_The task_
Copy out all of the data that follows, exactly as it appears.

_Raw data_
****************

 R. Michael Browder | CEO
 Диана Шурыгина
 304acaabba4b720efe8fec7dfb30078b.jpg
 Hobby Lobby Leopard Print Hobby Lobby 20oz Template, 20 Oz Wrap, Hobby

****************

_Answer box_
 R. Michael Browder | CEO
 Диана Шурыгина
 304acaabba4b720efe8fec7dfb30078b.jpg
 Hobby Lobby Leopard Print Hobby Lobby 20oz Template, 20 Oz Wrap, Hobby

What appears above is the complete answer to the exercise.